Wednesday, January 30, 2013

New York Times Publishes Anti-Israel Screed by Radical Law Professor George Bisharat

Professor Bisharat has a long history of bashing Israel, it turns out. See, "George Bisharat uses NYT to publish out-of-context accusations":
Meet George Bisharat, currently a professor at the UC Hastings College of Law. Bisharat was born in 1954 in Kansas, to a Palestinian family from Jerusalem, eventually earning BA in Berkeley and MA in Georgetown. Later, Bisharat studied in Harvard, and assumed position of professor of law at University of California. Bisharat is an author of ‘Palestinian Lawyers and Israeli Rule: Law and Disorder in the West Bank’, worked with Palestinian Legislative Council and on editorial board of Journal of Palestine Studies.
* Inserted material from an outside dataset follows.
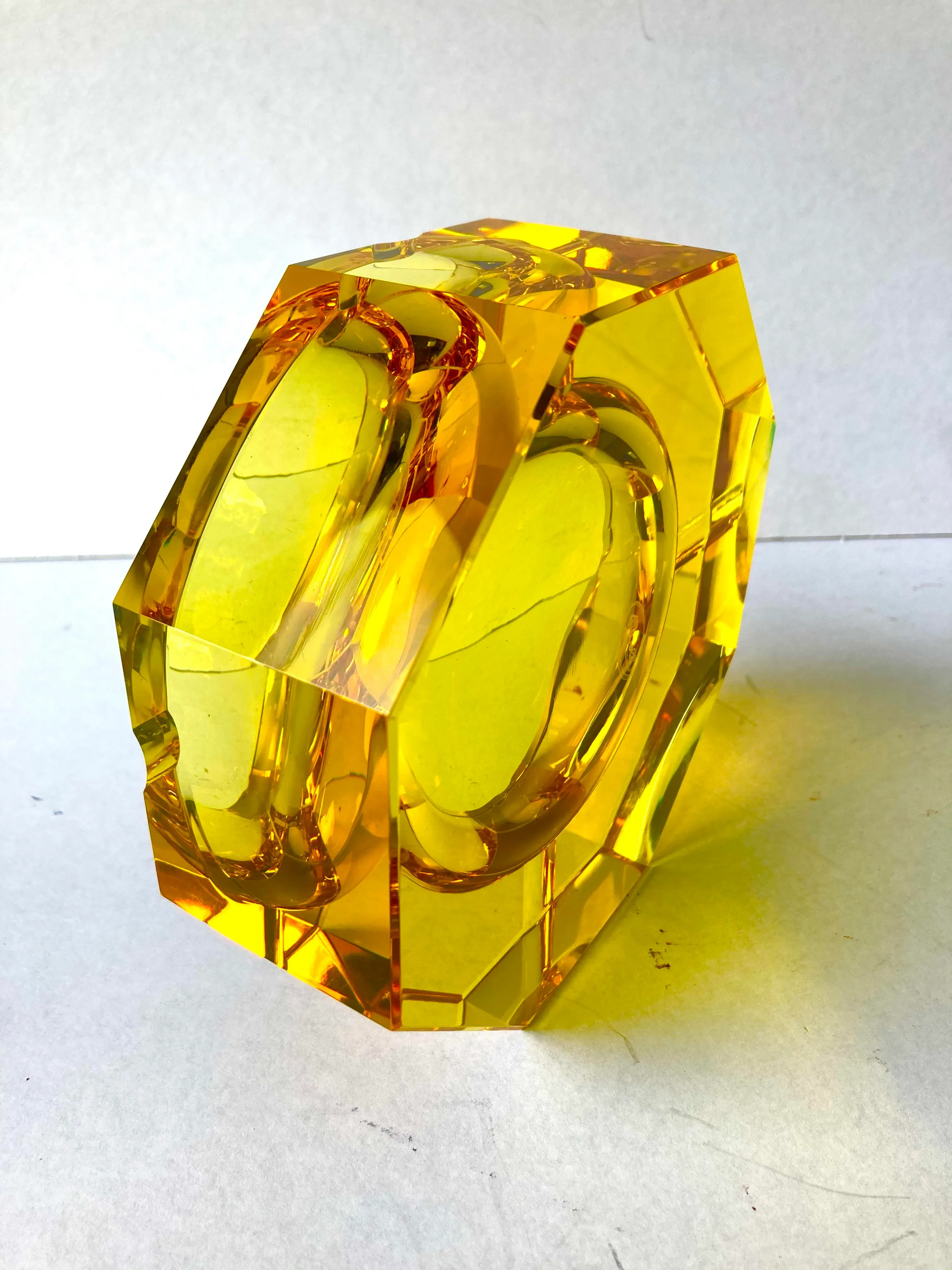 Moser　モーゼル　クリスタル　トレイ　イエロー　小物入れ Mid-Century Moser Crystal Ashtray in Yellow/Amber Marked “Moser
I believe the above gives us clear understanding of Bisharat’s allegiance; however, it is also clear he is a smart man. Bisharat criticized Israel’s conduct in 2006 Second Lebanon War, pushes for the boycott of Israel, alleges Israel’s conduct in 2008 Gaza campaign constitutes war crimes and an avid supporter of a one-state solution (read: Israel ceases being a Jewish state).
Well, that's pretty much a perfect criticism of Bisharat's hit job at today's New York Times, "Why Palestine Should Take Israel to Court in the Hague." Virtually every one of Bisharat's attacks on Israel are decontextualized, and this one's a blatant falsehood:
No doubt, Israel is most worried about the possibility of criminal prosecutions for its settlements policy. Israeli bluster notwithstanding, there is no doubt that Jewish settlements in the West Bank, including East Jerusalem, are illegal. Israeli officials have known this since 1967, when Theodor Meron, then legal counsel to the Israeli Foreign Ministry and later president of the International Criminal Tribunal for the former Yugoslavia, wrote to one of Prime Minister Levi Eshkol’s aides: “My conclusion is that civilian settlement in the administered territories contravenes the explicit provisions of the Fourth Geneva Convention.”
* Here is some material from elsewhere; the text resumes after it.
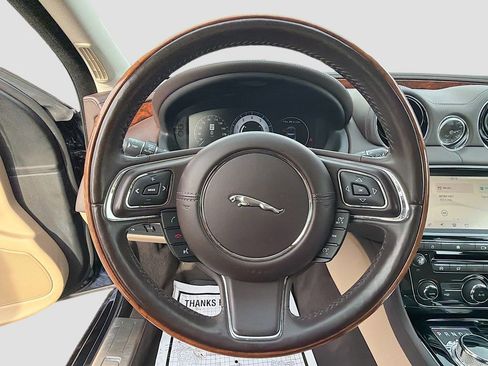 Used 2019 Jaguar XJ R-Sport image 39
Under the founding statute of the I.C.C., grave violations of the Geneva Conventions, including civilian settlements in occupied territories, are considered war crimes.
Bull. See Danny Ayalon, "Israel Palestinian Conflict: The Truth About the West Bank." And especially Professor Michael Curtis, "Israeli Settlements an Obstacle to Peace?":
International law gives no clear answer on the issue of Israeli settlements. The Fourth Geneva Convention does forbid government deportation or "individual or mass forcible transfers" of population into territory it occupies. This Convention was formulated because of the activities during World War II of the Nazi regime, and by inference the Soviet Union, in transferring population into occupied territory for political or racial reasons, or for colonization. As a result of those activities, millions were subjected to forced migration, expulsion, slave labor, and extermination. On this issue two factors are pertinent. One is that Israeli governments have not aimed at any displacement of the population in any of the disputed areas. The other is that neither the Geneva Convention nor any other law prevents the establishment of voluntary settlements on an individual basis, nor on their location, if the underlying purpose is security, public order, or safety, and as long as the settlements do not involve taking private property. It is absurd to suggest that the state of Israel "deported" or "transferred" its own citizens to the territories.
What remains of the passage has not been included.